RLDT / docs /OVdata_usage.md
KingmaoQ's picture
Clean history without large data files
59bd924

A newer version of the Gradio SDK is available: 6.2.0

Upgrade

Using the CPTAC Ovarian Offline Dataset

This guide explains how to generate the CPTAC ovarian cohort with OVdata.py and connect it to the Real-time Interactive Clinical Navigator UI.

1. Generate the dataset artifacts

python OVdata.py --output-dir RL0910/data/cptac_ovarian

The script will download the proteomics, transcriptomics, and clinical tables (only on the first run), build a multi-modal feature matrix, and export the following files inside the chosen output directory:

File Purpose
ovarian_offline_dataset.csv Flat table with patient_id, timestep, action, reward, and normalized state_* feature columns.
ovarian_offline_dataset.npz NumPy archive with arrays for states, actions, rewards, patient IDs, and supporting metadata.
ovarian_offline_schema.yaml Schema mapping that allows the UI to align the CSV with the RLDT state/action format.
ovarian_offline_metadata.json Summary statistics for reproducibility (feature catalog, normalization info, action labels, etc.).

Tip: Use python OVdata.py --help to adjust feature caps or disable min-max scaling if you need a different preprocessing recipe.

2. Load the cohort inside the UI

  1. Launch python RL0910/enhanced_chat_ui.py.
  2. In the 📊 Data Management tab:
    • Select Real Data in the “Data Source” selector.
    • Upload ovarian_offline_dataset.csv with the “Load Real Data” file picker.
    • (Recommended) Upload ovarian_offline_schema.yaml in the schema slot so the UI can apply the same column mappings used during export.
  3. Press Load Real Data.
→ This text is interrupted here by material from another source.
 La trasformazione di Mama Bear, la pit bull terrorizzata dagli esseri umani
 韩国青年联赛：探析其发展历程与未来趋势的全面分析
A success banner will confirm the number of patients and records loaded, and the patient dropdown becomes active.
  4. Explore patients, generate reports, or switch to other tabs. Online training remains paused until you explicitly press Start Online Training in the 📊 Online Learning Monitor tab.

3. Optional: reuse the artifacts elsewhere

  • The CSV is compatible with most pandas- or PyTorch-based offline RL pipelines.
  • The .npz bundle loads directly with numpy.load, exposing arrays named states, actions, rewards, patient_ids, timesteps, and terminals.
  • The YAML schema can be referenced by the adapters in RL0910/schema.py to map new cohorts that follow the same column layout.

Troubleshooting

  • If you see a message about missing CPTAC assets, run python -m cptac download once with an internet connection.
  • Errors mentioning _ARRAY_API typically indicate an older pyarrow build. The UI now disables the Arrow backend automatically, but upgrading pyarrow (or installing pyarrow>=14) will also resolve it.
  • Loading failures in the UI will keep the patient dropdown disabled; re-run OVdata.py or double-check the schema path if that happens.